NEW YORK, April 19, 2016 /PRNewswire/ -- Current price levels for oil will be unsustainable after oil producers failed to seal a freeze deal in Sunday's meeting says Toronto, Canada and Tokyo-headquartered Monex BMO Securities.
The sheer weight of expectation attached to a positive outcome at the recent meeting of the world's largest oil producers means more pressure on oil prices now that they have failed to reach consensus on a deal to freeze their collective output at January levels and to reassure markets that a recent recovery in prices could be sustained.
Much of the 40+% rally in crude prices since the January lows was deeply rooted in the hope that more than a dozen large oil producers can build on a preliminary accord reached between Russia, Saudi Arabia, Qatar and Venezuela on February 16.
The aim was for OPEC and non-OPEC producers to keep their output at levels no higher than they were in January in the hope of drawing a line under prices which had slumped to 13 year lows near $25 a barrel since June 2014. Much of the decline below $60 a barrel is widely attributed to Saudi Arabia and OPEC's refusal to cut production, preferring instead to preserve market share at all costs.
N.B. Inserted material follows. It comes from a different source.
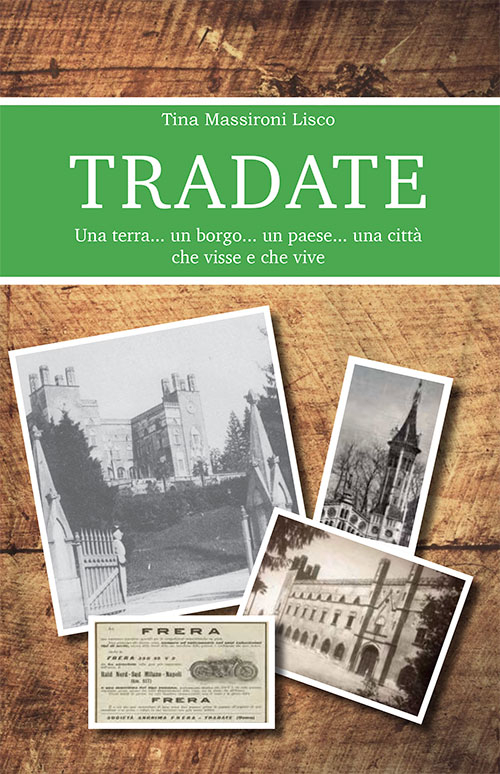 Tradate. Una terra... un borgo... un paese... una città che visse e che vive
The object of the exercise was (and still is) to drive high-cost producers like the US shale oil drillers out of business by making their business model unfeasible. Much of the US shale industry needs prices above $60 a barrel to make hydraulic fracturing or "fracking" economically viable and, to OPEC's credit, US drilling rigs in operation have fallen to multi-year lows. Nonetheless, so efficient has the shale drillers' technology become that overall production has largely remained steady throughout and has only recently started to fall as more US energy companies go out of business or shutter wells to cut costs.
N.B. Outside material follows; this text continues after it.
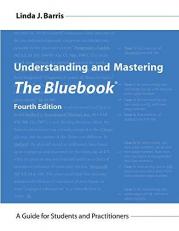 Understanding and Mastering the Bluebook : A Guide for Students and Practitioners 4th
At least 15 countries were represented at the April 17 meeting in Doha, Qatar including most of OPEC and non-members like Russia, Oman and Azerbaijan. Iran was conspicuous by its absence having tied an initial refusal to participate in any production freeze talks to its desire to rebuild market share lost while under sanctions imposed for defying the international community over its nuclear energy program.
"Despite the widespread optimism, with Iran not in attendance and many countries with differing agendas the outcome disappointed and didn't produce any agreement to keep quotas where they were at the beginning of the year," says Anthony Russell, Senior Vice President at Monex BMO Securities who oversees the allocation of $10bn of Corporate clients assets. "We've advised institutional clients to avoid oil futures speculation at anything above $35 a barrel.
"There is a lot of upside potential in oil but it will not be a supply or demand story. We think a gradual weakening of the US dollar will play a large factor in oil prices heading higher during the course of this year. In the short term, however, after this meeting ended in delegates squabbling and no agreement, it really will be a case of 'look out below' for oil prices."
Monex BMO Securities is a privately held, fully independent investment and wealth management leader, with retail operations based in Toronto, Canada and corporate trading division headquartered in Tokyo, Japan.